What you are describing will work. As long as the furnace has a Y terminal, there is no need to add a relay. Most thermostats do not need the C wire, but it is good practice to connect it if possible.
As you don't do AC units often, it is probably a safe bet that you don't have 5 wire. That is the preferred method. 5 different colours make it easier for terminating and troubleshooting. 
Your 2 wire will do the same job, just don't mix up any wires.


----------



## realworldelectric (Dec 17, 2010)

*Actually i did run a 5 wire*

I did run a 5 wire from the furnace to the t-stat, just for simplicity to explain what i wanted to do, i used that method of descripion, wouldnt want some of the guys on here to get confused  

Thanks for the help


----------



## wcord (Jan 23, 2011)

realworldelectric said:


> I did run a 5 wire from the furnace to the t-stat, just for simplicity to explain what i wanted to do, i used that method of descripion, wouldnt want some of the guys on here to get confused
> 
> Thanks for the help


At the risk of being shot, simple here is sometimes painting a target on yourself. 
BTW 
IF you find yourself hooking up a really old furnace which doesn't have the Y or G terminals, than you will have to install a fan control center ( WR 90-112 for example). It is a relay and transformer all rolled up into 1 package.

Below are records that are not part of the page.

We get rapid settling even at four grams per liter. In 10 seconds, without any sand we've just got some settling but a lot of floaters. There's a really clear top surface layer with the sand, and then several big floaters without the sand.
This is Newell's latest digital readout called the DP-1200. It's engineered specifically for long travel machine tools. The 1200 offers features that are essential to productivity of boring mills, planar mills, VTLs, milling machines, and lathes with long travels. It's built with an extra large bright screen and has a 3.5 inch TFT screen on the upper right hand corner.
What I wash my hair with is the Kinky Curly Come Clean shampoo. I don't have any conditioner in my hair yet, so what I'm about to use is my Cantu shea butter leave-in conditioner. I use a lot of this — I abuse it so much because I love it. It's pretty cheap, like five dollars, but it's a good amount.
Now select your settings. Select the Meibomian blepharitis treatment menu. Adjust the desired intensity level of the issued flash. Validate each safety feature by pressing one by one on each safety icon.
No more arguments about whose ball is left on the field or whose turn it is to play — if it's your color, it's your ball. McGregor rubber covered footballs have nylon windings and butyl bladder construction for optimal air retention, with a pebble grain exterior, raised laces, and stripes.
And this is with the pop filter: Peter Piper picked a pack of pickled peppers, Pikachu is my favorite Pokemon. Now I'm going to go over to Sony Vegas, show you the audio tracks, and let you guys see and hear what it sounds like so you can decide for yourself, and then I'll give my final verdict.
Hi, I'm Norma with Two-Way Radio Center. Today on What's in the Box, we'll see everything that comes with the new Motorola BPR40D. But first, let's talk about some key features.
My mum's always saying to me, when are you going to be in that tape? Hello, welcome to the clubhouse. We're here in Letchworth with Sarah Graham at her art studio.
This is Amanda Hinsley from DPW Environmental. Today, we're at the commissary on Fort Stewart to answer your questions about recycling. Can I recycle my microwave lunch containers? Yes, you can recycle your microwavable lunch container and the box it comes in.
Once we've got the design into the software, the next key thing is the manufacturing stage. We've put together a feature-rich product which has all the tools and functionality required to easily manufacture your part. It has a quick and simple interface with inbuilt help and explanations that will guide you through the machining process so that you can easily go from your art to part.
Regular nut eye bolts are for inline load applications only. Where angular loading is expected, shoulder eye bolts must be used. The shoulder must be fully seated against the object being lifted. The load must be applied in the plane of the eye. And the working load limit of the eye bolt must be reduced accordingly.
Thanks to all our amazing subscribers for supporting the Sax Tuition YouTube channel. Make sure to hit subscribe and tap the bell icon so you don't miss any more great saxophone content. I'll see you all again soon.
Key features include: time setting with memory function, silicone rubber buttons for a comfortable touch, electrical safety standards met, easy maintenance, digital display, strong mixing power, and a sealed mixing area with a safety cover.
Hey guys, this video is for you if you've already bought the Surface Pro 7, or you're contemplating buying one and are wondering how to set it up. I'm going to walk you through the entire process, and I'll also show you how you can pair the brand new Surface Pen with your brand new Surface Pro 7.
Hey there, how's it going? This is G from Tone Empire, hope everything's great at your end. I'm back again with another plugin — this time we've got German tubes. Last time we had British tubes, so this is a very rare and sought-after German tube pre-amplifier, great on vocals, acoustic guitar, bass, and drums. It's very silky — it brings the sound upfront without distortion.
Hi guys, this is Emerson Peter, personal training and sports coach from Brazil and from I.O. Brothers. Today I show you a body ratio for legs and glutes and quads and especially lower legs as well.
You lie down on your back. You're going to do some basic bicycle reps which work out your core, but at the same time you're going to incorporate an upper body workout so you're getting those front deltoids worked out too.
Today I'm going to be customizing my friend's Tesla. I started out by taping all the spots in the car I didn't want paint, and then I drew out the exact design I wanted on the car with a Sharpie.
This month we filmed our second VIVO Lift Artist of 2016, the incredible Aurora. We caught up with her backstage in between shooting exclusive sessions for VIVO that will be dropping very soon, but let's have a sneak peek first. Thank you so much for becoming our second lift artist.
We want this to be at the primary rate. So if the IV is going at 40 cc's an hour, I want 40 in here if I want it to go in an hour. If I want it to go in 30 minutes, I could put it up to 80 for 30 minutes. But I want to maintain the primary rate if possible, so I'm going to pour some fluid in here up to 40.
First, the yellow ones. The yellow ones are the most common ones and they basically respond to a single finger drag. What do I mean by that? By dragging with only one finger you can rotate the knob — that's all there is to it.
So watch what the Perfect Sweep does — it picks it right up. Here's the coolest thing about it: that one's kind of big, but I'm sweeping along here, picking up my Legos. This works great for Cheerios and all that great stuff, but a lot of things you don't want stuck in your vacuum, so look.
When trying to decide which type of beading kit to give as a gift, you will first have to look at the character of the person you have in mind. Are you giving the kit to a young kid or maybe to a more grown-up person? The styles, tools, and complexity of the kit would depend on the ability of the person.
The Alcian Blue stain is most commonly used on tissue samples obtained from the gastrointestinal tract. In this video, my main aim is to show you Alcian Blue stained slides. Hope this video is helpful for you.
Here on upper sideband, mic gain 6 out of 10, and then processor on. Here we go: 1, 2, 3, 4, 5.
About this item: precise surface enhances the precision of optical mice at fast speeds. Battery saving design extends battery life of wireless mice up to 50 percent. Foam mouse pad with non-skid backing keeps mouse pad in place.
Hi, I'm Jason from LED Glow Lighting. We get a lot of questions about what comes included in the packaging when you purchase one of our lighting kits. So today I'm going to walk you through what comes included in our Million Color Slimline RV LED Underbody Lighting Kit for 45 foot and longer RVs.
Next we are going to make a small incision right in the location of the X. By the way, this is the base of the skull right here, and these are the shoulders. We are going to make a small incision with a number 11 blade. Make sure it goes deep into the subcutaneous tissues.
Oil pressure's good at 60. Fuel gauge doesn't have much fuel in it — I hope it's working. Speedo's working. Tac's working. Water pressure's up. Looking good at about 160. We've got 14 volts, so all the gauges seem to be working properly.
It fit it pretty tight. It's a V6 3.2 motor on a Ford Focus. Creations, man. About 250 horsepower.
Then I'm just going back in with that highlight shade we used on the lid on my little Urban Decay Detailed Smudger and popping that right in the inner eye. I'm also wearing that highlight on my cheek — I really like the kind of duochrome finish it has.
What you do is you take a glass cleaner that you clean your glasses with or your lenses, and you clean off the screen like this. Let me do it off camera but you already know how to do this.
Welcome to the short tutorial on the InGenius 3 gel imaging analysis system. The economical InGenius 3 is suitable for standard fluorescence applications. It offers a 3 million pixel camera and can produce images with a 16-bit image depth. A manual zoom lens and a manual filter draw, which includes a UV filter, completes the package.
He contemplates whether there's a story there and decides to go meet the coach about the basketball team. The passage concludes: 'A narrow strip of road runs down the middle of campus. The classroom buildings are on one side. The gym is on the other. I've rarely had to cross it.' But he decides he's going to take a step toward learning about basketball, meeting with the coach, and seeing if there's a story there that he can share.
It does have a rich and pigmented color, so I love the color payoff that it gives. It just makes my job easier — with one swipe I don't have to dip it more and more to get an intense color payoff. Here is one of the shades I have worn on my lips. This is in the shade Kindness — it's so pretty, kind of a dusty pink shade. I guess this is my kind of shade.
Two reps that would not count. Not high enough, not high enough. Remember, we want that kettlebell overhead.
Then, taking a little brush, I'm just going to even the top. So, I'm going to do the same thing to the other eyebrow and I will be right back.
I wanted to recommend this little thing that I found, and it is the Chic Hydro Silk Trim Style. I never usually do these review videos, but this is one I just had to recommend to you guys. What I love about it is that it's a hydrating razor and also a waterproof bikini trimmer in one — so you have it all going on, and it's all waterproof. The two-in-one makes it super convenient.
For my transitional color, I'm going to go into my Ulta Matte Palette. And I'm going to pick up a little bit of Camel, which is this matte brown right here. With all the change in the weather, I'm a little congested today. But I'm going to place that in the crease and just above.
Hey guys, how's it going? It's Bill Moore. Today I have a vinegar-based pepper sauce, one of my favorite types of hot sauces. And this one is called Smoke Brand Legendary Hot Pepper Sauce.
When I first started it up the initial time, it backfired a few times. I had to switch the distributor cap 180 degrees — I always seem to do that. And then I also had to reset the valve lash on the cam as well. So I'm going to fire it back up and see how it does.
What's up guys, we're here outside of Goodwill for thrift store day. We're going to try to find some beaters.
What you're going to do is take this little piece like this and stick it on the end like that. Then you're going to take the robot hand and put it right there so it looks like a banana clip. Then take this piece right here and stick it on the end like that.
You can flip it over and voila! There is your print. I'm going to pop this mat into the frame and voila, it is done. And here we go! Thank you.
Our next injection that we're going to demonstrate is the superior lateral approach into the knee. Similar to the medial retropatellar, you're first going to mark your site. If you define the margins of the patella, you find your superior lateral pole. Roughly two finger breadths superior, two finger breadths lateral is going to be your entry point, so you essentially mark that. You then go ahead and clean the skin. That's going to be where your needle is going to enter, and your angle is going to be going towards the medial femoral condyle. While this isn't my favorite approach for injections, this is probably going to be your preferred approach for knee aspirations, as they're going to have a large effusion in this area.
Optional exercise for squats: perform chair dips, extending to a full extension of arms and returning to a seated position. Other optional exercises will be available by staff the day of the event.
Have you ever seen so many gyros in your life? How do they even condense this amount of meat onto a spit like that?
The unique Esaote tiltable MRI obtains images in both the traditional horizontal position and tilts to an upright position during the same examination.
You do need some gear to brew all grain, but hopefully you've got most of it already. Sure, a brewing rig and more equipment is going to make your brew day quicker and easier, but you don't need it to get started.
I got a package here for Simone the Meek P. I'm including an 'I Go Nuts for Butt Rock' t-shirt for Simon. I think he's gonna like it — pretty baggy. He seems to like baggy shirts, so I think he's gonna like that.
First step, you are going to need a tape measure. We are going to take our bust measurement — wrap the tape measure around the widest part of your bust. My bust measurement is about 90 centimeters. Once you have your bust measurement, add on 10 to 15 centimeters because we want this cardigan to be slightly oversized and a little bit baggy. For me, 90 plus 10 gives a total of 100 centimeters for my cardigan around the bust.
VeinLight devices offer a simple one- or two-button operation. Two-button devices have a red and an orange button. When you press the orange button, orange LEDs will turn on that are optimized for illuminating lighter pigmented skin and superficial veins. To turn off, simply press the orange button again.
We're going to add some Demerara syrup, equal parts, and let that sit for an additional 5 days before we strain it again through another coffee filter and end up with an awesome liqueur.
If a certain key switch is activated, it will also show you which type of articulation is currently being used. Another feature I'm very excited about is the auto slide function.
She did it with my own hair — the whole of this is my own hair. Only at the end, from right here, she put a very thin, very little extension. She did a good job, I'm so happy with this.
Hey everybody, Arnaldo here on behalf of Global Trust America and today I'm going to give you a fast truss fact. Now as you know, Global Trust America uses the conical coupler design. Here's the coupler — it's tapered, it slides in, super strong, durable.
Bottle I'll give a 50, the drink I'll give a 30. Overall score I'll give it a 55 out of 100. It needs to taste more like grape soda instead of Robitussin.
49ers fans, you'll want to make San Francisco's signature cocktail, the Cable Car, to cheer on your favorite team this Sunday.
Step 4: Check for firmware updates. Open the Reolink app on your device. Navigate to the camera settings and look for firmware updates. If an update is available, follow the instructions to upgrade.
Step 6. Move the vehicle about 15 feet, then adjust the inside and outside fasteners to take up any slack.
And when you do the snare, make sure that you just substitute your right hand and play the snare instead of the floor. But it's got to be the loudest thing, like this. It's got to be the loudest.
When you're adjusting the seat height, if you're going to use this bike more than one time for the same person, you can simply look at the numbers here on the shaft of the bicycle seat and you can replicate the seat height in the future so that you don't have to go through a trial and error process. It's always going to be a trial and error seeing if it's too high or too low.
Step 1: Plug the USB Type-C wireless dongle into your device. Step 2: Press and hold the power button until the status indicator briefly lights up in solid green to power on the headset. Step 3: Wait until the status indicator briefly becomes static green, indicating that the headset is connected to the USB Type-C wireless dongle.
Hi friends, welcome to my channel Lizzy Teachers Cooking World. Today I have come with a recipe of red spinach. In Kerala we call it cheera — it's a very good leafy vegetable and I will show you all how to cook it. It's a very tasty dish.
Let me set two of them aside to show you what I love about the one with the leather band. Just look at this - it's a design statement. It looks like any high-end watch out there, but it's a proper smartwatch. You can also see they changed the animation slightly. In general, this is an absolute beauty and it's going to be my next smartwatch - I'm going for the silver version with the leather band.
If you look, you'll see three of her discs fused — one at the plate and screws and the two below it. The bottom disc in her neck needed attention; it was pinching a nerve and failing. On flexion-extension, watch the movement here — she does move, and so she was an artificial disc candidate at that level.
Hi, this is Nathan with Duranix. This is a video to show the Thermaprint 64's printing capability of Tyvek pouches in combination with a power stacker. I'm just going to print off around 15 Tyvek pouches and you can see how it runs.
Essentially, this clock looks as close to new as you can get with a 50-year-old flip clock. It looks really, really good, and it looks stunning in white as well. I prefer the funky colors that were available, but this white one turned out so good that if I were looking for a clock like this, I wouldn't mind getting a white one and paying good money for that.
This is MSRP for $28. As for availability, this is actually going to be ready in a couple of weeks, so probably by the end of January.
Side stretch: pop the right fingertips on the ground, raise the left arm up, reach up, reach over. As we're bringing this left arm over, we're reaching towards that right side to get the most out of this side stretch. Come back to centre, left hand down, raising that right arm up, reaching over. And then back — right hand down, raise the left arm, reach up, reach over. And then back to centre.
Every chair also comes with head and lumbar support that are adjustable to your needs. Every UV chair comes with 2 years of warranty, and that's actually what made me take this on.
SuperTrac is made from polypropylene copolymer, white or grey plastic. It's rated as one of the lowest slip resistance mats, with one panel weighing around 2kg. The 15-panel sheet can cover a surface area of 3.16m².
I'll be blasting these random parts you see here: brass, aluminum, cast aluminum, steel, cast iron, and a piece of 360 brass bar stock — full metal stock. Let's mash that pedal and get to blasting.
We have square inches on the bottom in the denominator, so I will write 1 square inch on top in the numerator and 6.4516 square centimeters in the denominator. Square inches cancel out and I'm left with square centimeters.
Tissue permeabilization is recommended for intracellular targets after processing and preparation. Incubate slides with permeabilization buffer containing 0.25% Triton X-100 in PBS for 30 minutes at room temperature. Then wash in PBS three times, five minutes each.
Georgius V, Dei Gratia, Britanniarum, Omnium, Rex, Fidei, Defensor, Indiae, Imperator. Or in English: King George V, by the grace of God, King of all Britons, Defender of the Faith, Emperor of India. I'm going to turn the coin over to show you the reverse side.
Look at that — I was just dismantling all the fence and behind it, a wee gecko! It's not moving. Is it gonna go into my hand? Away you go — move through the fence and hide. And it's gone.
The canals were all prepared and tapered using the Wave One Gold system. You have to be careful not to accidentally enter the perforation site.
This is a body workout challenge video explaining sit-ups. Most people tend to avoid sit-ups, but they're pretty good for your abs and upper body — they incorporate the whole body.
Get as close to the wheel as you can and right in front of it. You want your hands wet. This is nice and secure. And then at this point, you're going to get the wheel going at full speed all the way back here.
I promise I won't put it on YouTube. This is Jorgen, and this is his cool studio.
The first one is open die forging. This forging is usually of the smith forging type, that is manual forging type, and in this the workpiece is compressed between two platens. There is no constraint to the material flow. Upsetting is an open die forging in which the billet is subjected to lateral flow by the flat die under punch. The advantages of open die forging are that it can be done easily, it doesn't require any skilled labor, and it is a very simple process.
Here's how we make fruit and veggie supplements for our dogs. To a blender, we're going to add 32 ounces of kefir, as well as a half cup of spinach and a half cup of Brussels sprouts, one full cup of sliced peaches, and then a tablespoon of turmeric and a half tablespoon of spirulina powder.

Edit- should have said G terminal. Y terminal for the old furnaces serves no purpose on them. ( just so used to connecting RWGYC that it is a habit)


----------



## mgraw (Jan 14, 2011)

Why would you need a relay if the furnace doesn't have a Y terminal?


----------



## RIVETER (Sep 26, 2009)

realworldelectric said:


> The AC unit is 208 v 30 A, i have a 2 wire 18AWG running from the unit to the furnace, connected to the Y an C terminals on the control board.
> 
> From the furnace i have regular heating control wiring R,G,W running to the digital thermistat, am i correct to run another 2 wire from the terminals on y and c from the furnace and connect them to the y an c on the thermistat ?
> 
> ...


The R is the 24volt hot, the G is the fan relay, the W is the heat, or gas valve, and Y is the cooling stage which would bring in the contactor at the condenser unit. However, it has been a long time.


----------



## johnsmithabe (May 3, 2011)

*Thanks*

thanks for the support.


----------